When Boris Johnson addressed his party this week on a Zoom call, it had all the makings of a horror show. The prime minister had, the day before, announced a third national lockdown for England – an action he had once likened to a nuclear deterrent and one that his lockdown-sceptic backbenchers had previously said would lead to a huge three-figure rebellion.

Over the past six months, Johnson’s relationship with his party has come under severe strain over the Covid restrictions, which are opposed by the Conservatives’ libertarian wing. At the last lockdown, in November, he was accused by MPs of pushing the UK closer to an “authoritarian coercive state” as well as failing to live up to his supposed Churchillian values.

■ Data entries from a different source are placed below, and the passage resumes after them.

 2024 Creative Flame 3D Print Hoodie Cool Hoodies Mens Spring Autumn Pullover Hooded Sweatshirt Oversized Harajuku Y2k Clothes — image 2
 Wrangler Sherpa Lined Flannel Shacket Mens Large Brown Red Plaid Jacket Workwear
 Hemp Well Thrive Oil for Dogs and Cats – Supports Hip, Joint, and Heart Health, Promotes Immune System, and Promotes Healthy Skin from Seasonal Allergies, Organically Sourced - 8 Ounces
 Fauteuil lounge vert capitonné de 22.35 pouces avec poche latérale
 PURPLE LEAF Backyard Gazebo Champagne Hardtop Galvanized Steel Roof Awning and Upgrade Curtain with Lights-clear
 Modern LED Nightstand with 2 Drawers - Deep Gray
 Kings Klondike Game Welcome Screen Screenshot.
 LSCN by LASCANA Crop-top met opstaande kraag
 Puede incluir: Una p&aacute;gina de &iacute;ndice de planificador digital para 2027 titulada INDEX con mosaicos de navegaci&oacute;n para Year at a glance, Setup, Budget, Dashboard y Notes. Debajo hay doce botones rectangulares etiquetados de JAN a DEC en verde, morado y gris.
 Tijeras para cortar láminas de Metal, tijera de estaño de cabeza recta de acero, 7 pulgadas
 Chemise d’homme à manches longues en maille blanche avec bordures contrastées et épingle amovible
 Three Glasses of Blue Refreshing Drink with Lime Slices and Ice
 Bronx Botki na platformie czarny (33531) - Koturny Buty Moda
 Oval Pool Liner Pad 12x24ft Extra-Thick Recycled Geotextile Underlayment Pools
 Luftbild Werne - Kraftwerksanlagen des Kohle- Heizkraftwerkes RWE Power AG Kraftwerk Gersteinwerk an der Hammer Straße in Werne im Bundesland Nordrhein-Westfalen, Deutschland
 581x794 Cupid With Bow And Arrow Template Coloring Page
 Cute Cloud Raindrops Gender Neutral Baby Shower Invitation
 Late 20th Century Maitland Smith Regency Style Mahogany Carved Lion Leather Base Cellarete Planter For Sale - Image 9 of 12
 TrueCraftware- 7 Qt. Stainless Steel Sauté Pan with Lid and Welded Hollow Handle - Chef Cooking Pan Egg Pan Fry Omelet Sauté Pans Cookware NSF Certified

Yet on this week’s 45-minute call something unusual happened. Not a single Tory MP used the Q&A session to quibble with the proposed seven-week lockdown, which will be nearly as strict as the one imposed last March. Instead, the questions were focused on whether it could run longer without parliamentary consultation, the vaccine rollout, and mitigating the consequences of shutting schools.

“It was a different world compared to how these sessions went a few months back,” says one attendee on the call.

The conventional wisdom in November was that rebellions on the issue – already big enough to demolish the prime minister’s majority of 80 – would only grow in size. But ahead of last night’s vote, aides in No 10 were the most relaxed over the numbers they have been for some time.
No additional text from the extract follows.